Now for a bit of good news: Rationality may be breaking out in the hedge fund world.
Investors are punishing funds that have engaged in questionable behavior and balking at ever-escalating fees. Regulators are showing uncharacteristic backbone, insisting that they will not merely fight the last war when it comes to new rules.
That's a big change from the old way of doing business in hedge fund land, which was to reward failure and ignore problems.
Think back to Long-Term Capital Management. The multibillion-dollar hedge fund imploded spectacularly in 1998, presaging much of the larger financial crisis a decade later. The fund's implosion was caused by excessive leverage and gigantic derivatives positions.
The Federal Reserve Bank of New York engineered a Wall Street bailout and, in the immediate aftermath, regulators and investors professed a desire for change. Yet John W. Meriwether, the impresario who had blown up L.T.C.M., soon gathered billions in new assets -- only to blow up again. Regulators watched passively as hedge funds grew meteorically without close monitoring.
Now after the financial collapse of 2007-8, changes are dribbling in. It's all the more surprising since hedge funds were not a cause of the crisis. Banks, especially Wall Street firms, get the credit for that. Plenty of hedge funds went out of business, but almost none of them were systemically important enough to stoke fears of a wider panic.
Nevertheless, the changes are welcome.
One hopeful sign is that institutions like pension funds and foundations are pulling money from hedge funds that acted cavalierly during and after the crisis. They are nervous about the insider trading scandal sweeping the industry.
Funds that had spectacular returns only to crash during the crisis, like Atticus Capital, have wound up their operations. At Harbinger Capital, the founder lent himself money from the fund, and investors have punished him for it. Shumway Capital tried to change its management structures without giving investors what they considered adequate notice, and now it is closing. Funds that have been ensnared in the insider trading investigation, fairly or not, are shutting their doors.
When liquidity dried up at the height of the crisis, certain funds prevented investors from taking money out of their firms. Now, some are suffering large-scale redemptions.
D. E. Shaw, the gigantic hedge fund complex, lost investors throughout last year even though it invoked triggers on terms agreed in advance. Other funds engaged in the more controversial practice of suspending redemptions without a previous contractual agreement. Investors have reacted bitterly to both kinds of suspensions.
Another sign of the new rationality is that hedge fund fees are finally creeping downward, a trend long predicted that had not ever managed to arrive.
In the past, hedge funds have been something of a “Giffen good” -- that unusual market phenomena of demand rising as the price climbs. The more the hedge funds charged and the more exclusive they were, the more they were desired. Incentive fees, however, have finally begun to ebb, down to 19 percent, from 19.3 percent three years ago according to Hedge Fund Research.

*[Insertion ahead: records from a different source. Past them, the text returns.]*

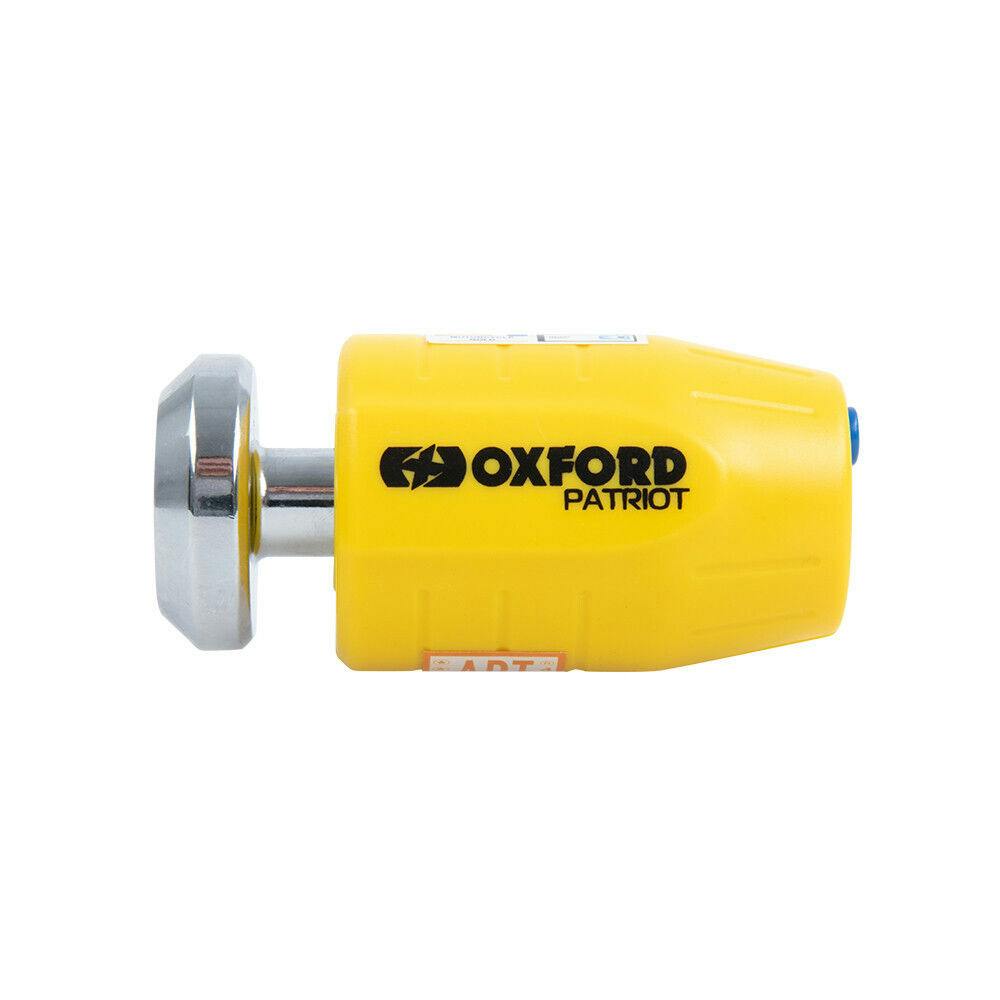 Image of product Oxford Patriot 14mm Pin Disc Lock OF40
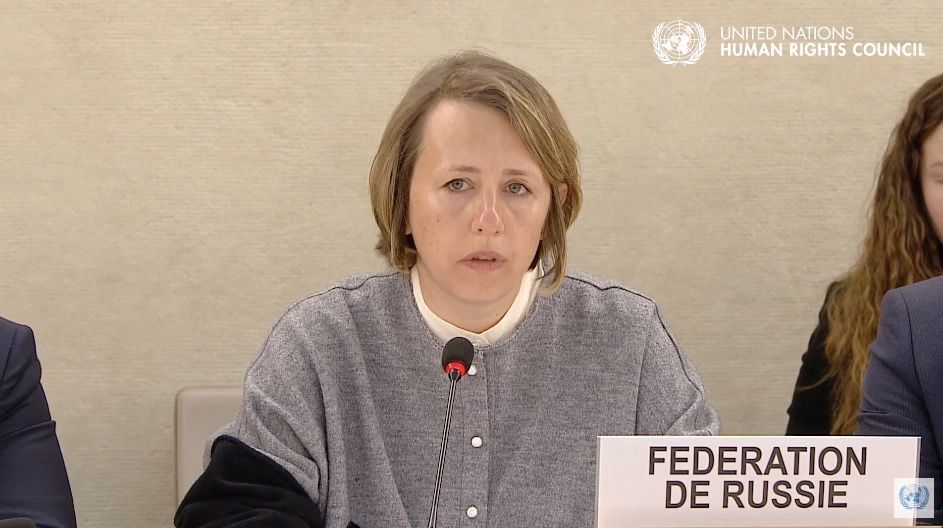 Екатерина Куделич на сессии 25 марта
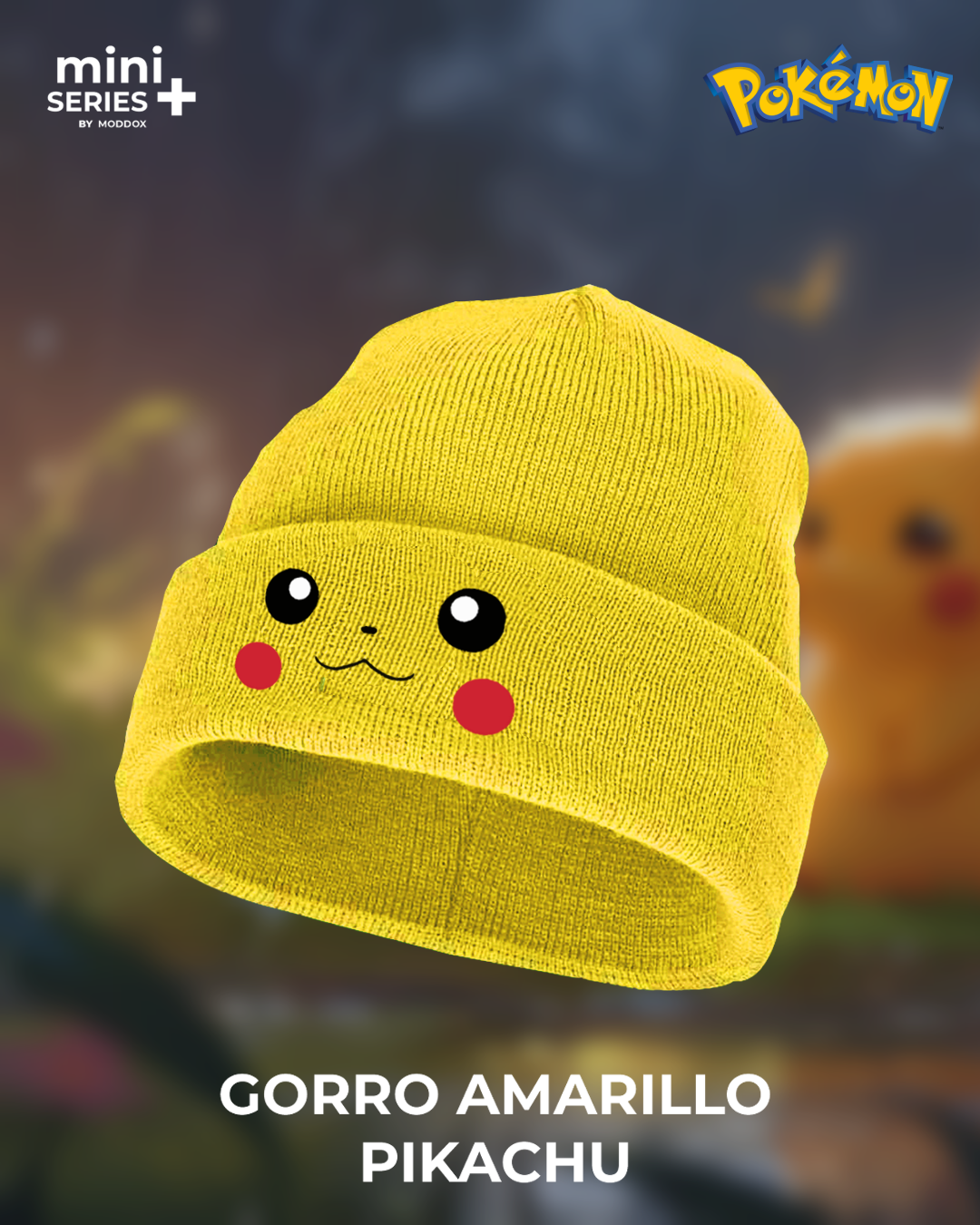 Gorro | Pokémon | Pikachu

D. E. Shaw is lowering the management fee on its Composite Fund to 2.5 percent from 3 percent and dropping its performance fee to 25 percent from 30 percent. D. E. Shaw declined to comment on the changes and, with about $19 billion under management, something tells me the firm will manage to scrape by, even with lower rates.
Still, fees ought to come down -- the performance hasn't been there.
Sure, there are examples of funds with spectacular returns, like Daniel S. Loeb's Third Point, which had a 34 percent gain last year. Over all, however, performance lagged the stock market. Both the Hedge Fund Research composite index and its index of equity-based hedge funds trailed the Standard & Poor's 500-stock index's total return two years running.
Hedge fund managers justifiably argue that investors shouldn't expect funds to beat the market every year. A well-managed hedge fund is devised to make money in good markets and bad, with less volatile returns.
But since many hedge funds lost spectacular sums in 2008, their credibility has been shaken. It turned out they weren't hedging enough and were more correlated to the markets than they should have been. Investors weren't getting what they are paying for.
We'll see how long these positive developments last. Investors put almost $150 billion into hedge funds in the fourth quarter, a record, according to Hedge Fund Research. Assets now stand at $1.9 trillion, just below the peak reached before the financial crisis.
Still, funds that aim for slow-and-steady returns appear to be thriving amid the new risk-averse mood.
And as money rushes back to the industry, regulators seem poised to impose the first genuine controls on it. Hedge funds will have to register and disclose more about their activities to financial overseers.
Last week, the Federal Reserve issued its definitions of what a “significant nonbank financial institution” will be, drawing the lines broadly enough to include big hedge funds. The Fed, properly, has judged institutions' significance based, in part, on how interconnected they are: how many trades they do, how many counterparties they have, how much they have borrowed. It's a good, and necessary, step toward policing systemic risk in the system.
Just because hedge funds didn't cause the last crisis doesn't mean they can't cause the next one.